Man sollte sich hüten, sich allzu ernst zu ­nehmen, wenn man Bücher nicht schreibt, sondern sie nur drucken lässt. Aber nach zwanzig Jahren sind ein paar Berichte aus dieser Tätigkeit vielleicht doch nicht ganz uninteressant.
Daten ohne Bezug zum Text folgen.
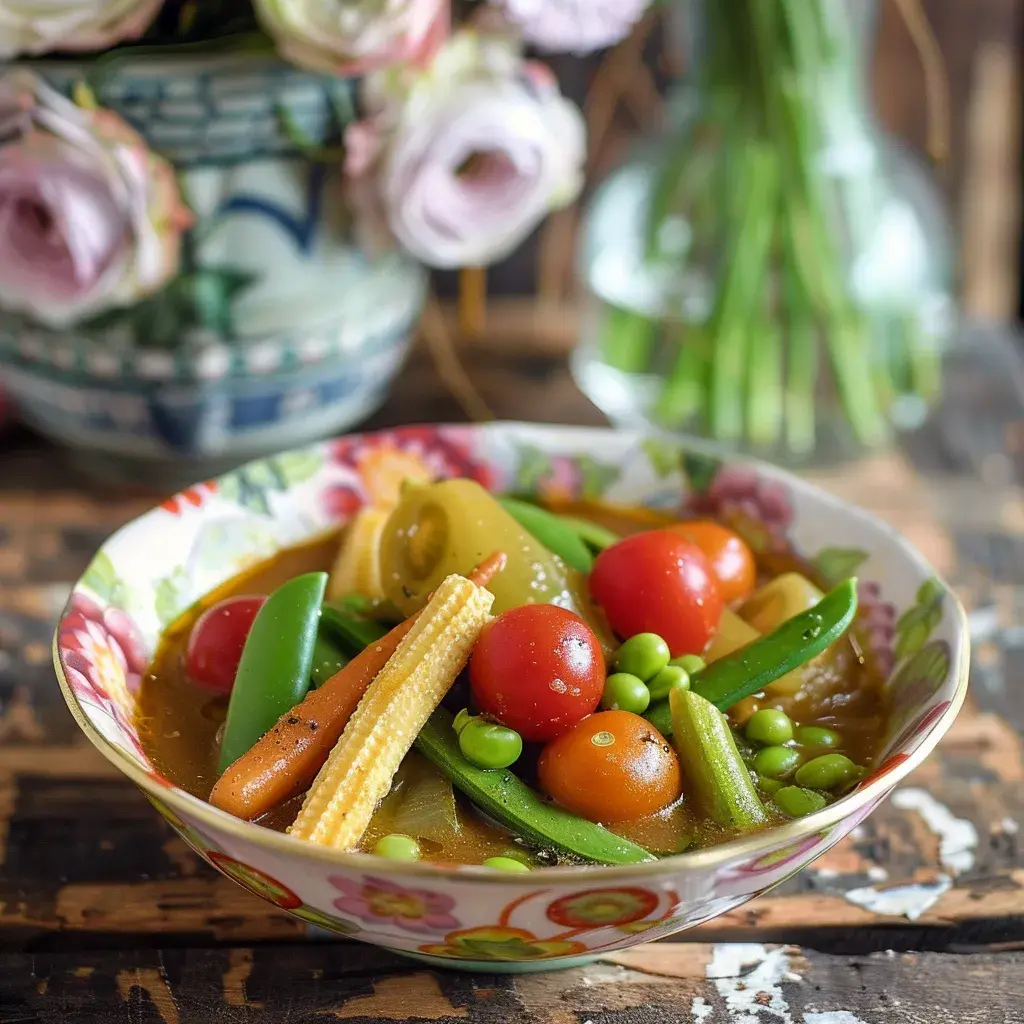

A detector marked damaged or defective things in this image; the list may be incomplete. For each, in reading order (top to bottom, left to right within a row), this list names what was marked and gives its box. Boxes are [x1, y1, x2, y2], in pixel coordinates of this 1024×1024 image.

peeling paint [892, 788, 980, 876]
peeling paint [840, 876, 952, 924]
peeling paint [708, 948, 796, 1020]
Also versuchen wir es mal: Dieser Band ­versammelt Porträts, Reiseberichte und eine Auswahl jener Newsletter, die über die Jahre unregelmäßig über das Wie und Wer in diesem ­Verlag informiert haben: vom Elend der Vorschautexte, von »schwierigen Autoren« und »fetten Musen«. Nicht zu vergessen: der ­Kosmos ­Spanien und Lateinamerika und warum er für uns so ­wichtig ist. Mit Texten u. a. über ­Roberto ­Bolaño, ­Rafael Chirbes, Maike Albath, Katharina Hacker, Eliot Weinberger, Michael Rutschky, Adania Shibli, Igal Avidan, Vicente Valero sowie einem Gedicht von Christine Wunnicke: »Ein Logo spricht«.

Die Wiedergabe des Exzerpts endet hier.